Case Report – On Wild Coyotes and collecting personal information

The British Columbia Information and Privacy Commissioner’s drivers license swiping case (from July 21st) nicely illustrates some points about justifying personal information collection under a necessity standard – a standard for collection common to both public and private sector Canadian data protection legislation.

The IPC’s most significant finding was that Vancouver’s “Wild Coyote Club” could not require patrons to consent to a drivers license swipe (or surrender a piece of ID) as a condition of service because the related collection of personal information went beyond what is “necessary to provide the product or service.” It affirmed that British Columbia PIPA requires that a mandatory collection be reasonably necessary rather than strictly necessary. It also articulated the following two-part test (emphasis added):

For personal information to be “necessary” for the purpose of s. 7(2) of PIPA, the purposes for the collection, use or disclosure must be integral to the provision of the product or service. In addition, the personal information must fulfill a significant role in enabling the organization to achieve that purpose.

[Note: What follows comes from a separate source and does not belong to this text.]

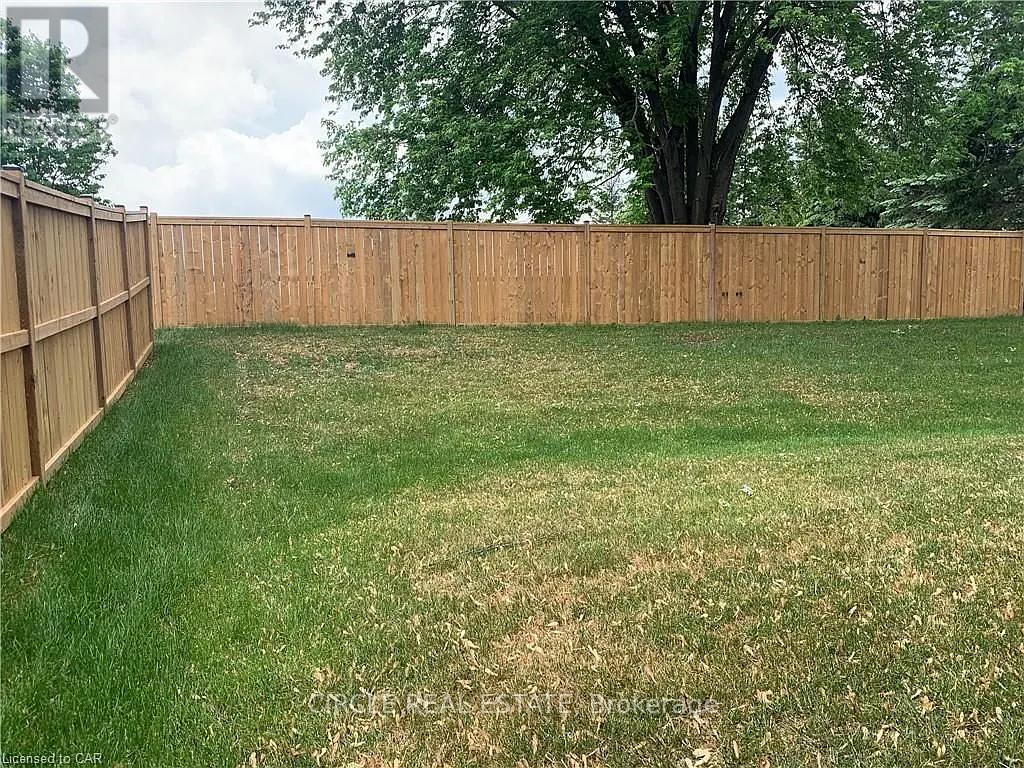 20 - 124 Compass Trail, Cambridge, Ontario  N3E 0E3 - Photo 4 - X12613110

The IPC said that these questions will be assessed in light of the sensitivity of the personal information being collected and whether there are less intrusive means of meeting a legitimate objective for collecting the information.

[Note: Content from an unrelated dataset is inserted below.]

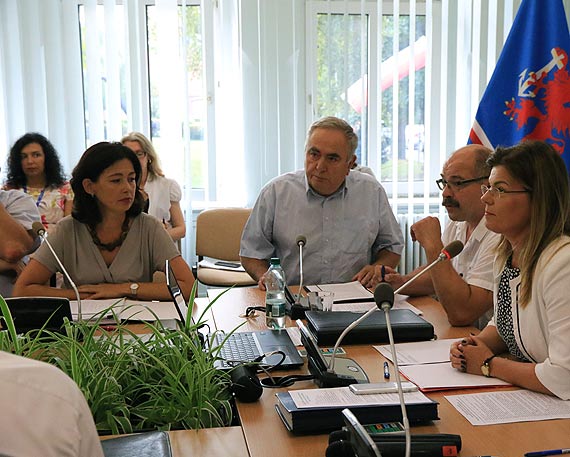 W sprawie PEC-u gorco na sesji i na ulicach. Zobacz film!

In one sense, the decision demonstrates that broad grounds of justification based on theories of human behavior are hard to argue. In this case, every patron whose license was swiped also had his or her picture taken. The picture was matched with the information from the license, so the club (and law enforcement) had access to picture-based index of all individuals in the establishment on any given night. The club and the other parties who participated in support of swiping argued that such a system would significantly reduce incidents of violence. Though their theory – that individuals would modify their behavior if they know they are identifiable – is logical, the respondent and intervenors did not present any evidence (either statistical or from social science) to show that their theory was true, or to at least show that swiping provided a significantly better violence  deterrent than video surveillance alone. (The IPC addressed the club’s need to keep banned individuals from entering the club separately, and approved of the matching of identifying information other than drivers license numbers against like identifying information in a banned individuals database.)

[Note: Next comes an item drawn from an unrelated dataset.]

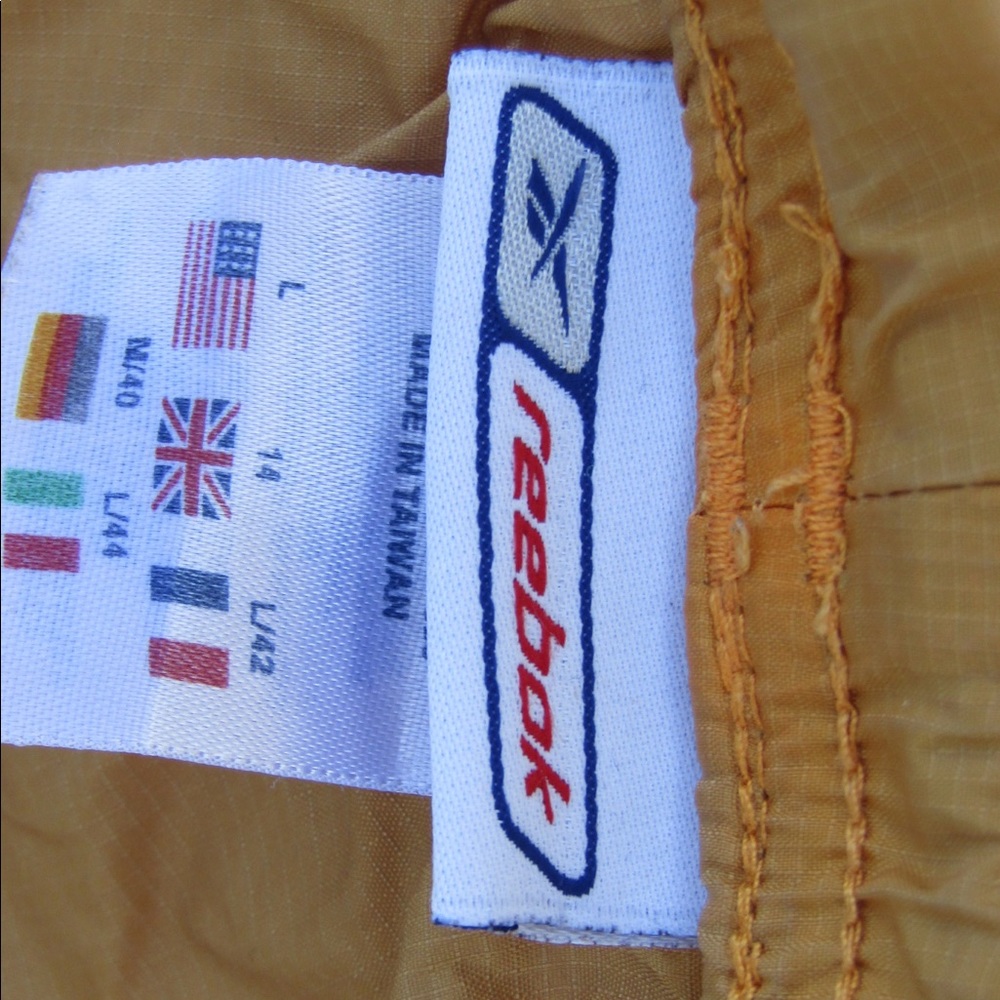 Men’s Reebok Trackpants - Picture 5 of 6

In another sense, the decision illustrates that having a better record of an event will not ordinarily be sufficient to justify collecting personal information. One cannot dispute that a drivers license swipe creates a highly accurate record of (1) the fact that a patron presented a drivers license and (2) that the drivers license presented contained certain data in electronic form. So the scanning system in place at the club gave it a very accurate record of due diligence, but this wasn’t sufficient justification for the collection of identifying information itself. On this point, the IPC noted correctly that a drivers license swiping system only records the identification someone presents and does not ordinarily aid in authenticating the individual, which still must be done by a door person’s visual inspection of picture identification. The IPC acknowledged a swiping system protects against “passbacks” – a scheme which involves the use of the same identification piece by two different people – but said the club had presented no evidence to demonstrate that passbacks were a significant problem that it encountered in enforcing the terms of its liquor license.

David Fraser has covered the ID swiping issue very well. Click here for an index of his posts.

Order P09-1, 2009 CanLII 38705 (BC I.P.C.).